Beaucoup de pays arabes sont secoués par des velléités de changement, qu’on baptise un peu vite du nom de « révolutions » parce qu’on manque de vocabulaire, et auxquelles la faiblesse des dirigeants de ces pays laisse toutes leurs chances – l’exemple de Kadhafi le dur-à-cuire prouvant a contrario que ce n’est pas si simple.
Or il ne suffit pas que le peuple soit mécontent pour qu’un régime tombe. Au Maroc, le peuple est mécontent depuis des décennies, surtout les jeunes qui, même diplômés, ne trouvent pas de travail, et sont indignés par une corruption galopante dont le roi lui-même donne l’exemple déplorable. Pourtant, il y a très peu de chances – ou de risques, comme vous voudrez – pour que la monarchie soit jetée à bas. Si pourris que soient le roi, sa famille, ses hommes de confiance, ses amis, ses fonctionnaires, voire son armée, les Marocains ne remettent pas en cause la monarchie. Beaucoup moins que les Britanniques, par exemple. Et cela tient à leur histoire.
L’État marocain existait déjà deux cents ans avant qu’Hugues Capet, en 987, monte sur le trône de France ! Au septième siècle, l’Islam né en Arabie entreprit de coloniser ses voisins puis l’Afrique du Nord tout entière, avant de gagner l’Espagne, et enfin la France, où il fut repoussé après la victoire française de Poitiers en 732. Et, alors que la Tunisie et l’Algérie, christianisées, avaient résisté, les cavaliers arabo-musulmans rencontrèrent peu de résistance au Maroc où, bien que peu nombreux, ils restèrent, forçant facilement les Berbères en place à s’arabiser et à s’islamiser. La première dynastie du nouvel État marocain fut celle des Idrissides, en 788, puis leur succédèrent les Alaouites, et c’est toujours cette dynastie qui règne à Rabat. Les Marocains sont si fiers de cette situation qu’ils sont très rares à vouloir un autre régime. Naturellement, leurs souverains successifs en profitent...
Toutes les intrusions étrangères qui tentèrent de suivre se heurtèrent à un bide magistral ! Les Portugais, les Turcs (qui, eux, s’installèrent en Algérie), et enfin les Espagnols et les Français, ne firent que passer. La colonisation la plus durable et la mieux acceptée fut celle des Français, parce que le gouvernement de la France eut la bonne idée, en 1912, d’envoyer au Maroc un résident, le maréchal Lyautey, qui aimait le pays et ses habitants, et refusa la tentation de les « assimiler ». Hélas, il ne resta que jusqu’en 1925, et fut remplacé par... Pétain, véritable baderne qui se fit haïr, au point que l’ancien roi, Hassan II, raconte dans ses mémoires, Le défi, que lui-même avait projeté de l’assassiner de sa main ! Son père Mohammed V l’en empêcha.
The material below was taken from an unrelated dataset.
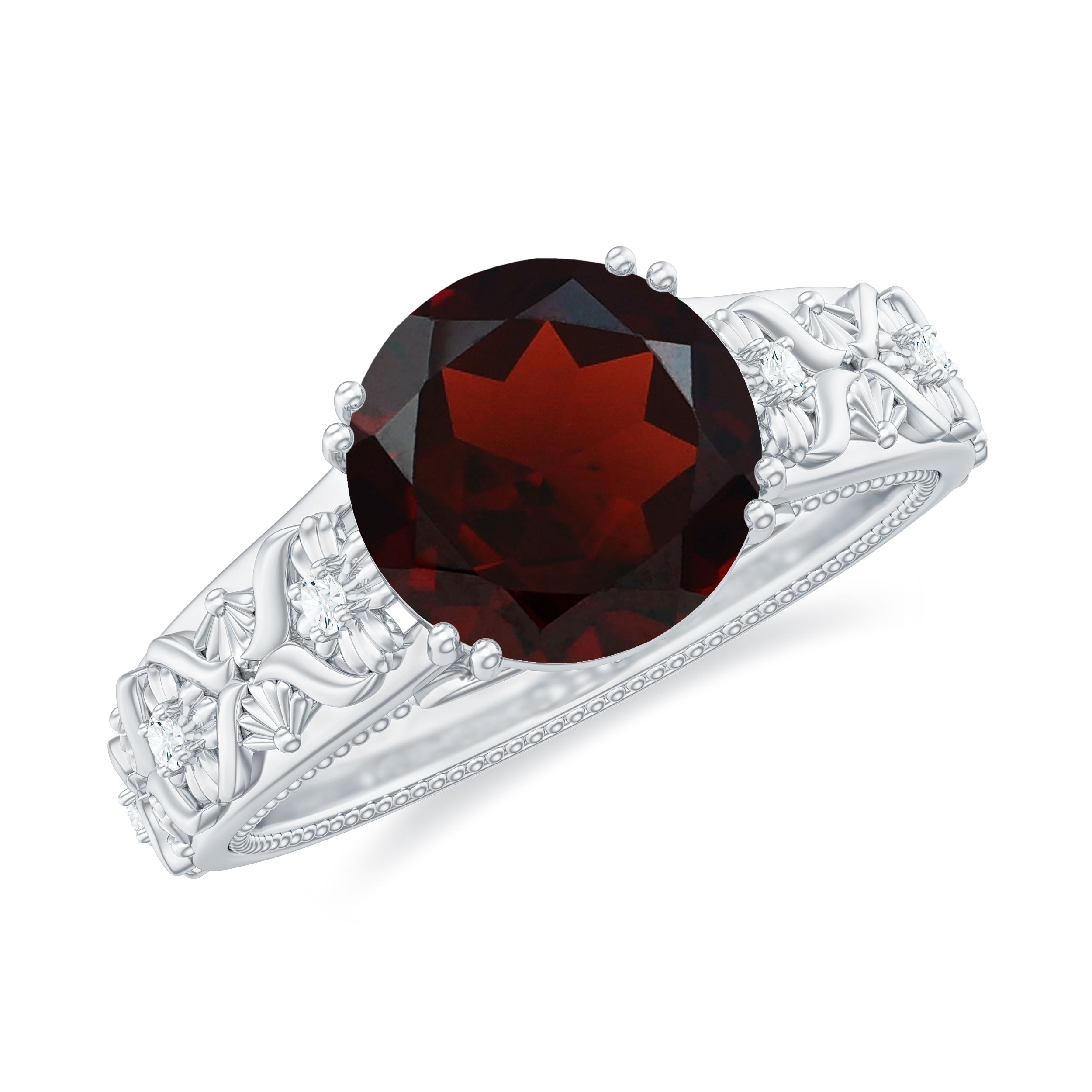 Vintage Looking Garnet Diamond Engagement Ring AAA - Rosec Jewels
Lyautey, c’est surprenant pour un colonisateur, est toujours vénéré au Maroc. Un grand immeuble d’habitation du centre de Casablanca porta longtemps son nom, il y eut une rue Lyautey derrière la Grande Poste, et sa statue, édifiée dans les jardins du Consulat général de France, est en plein centre-ville, entre la préfecture et le Palais de Justice !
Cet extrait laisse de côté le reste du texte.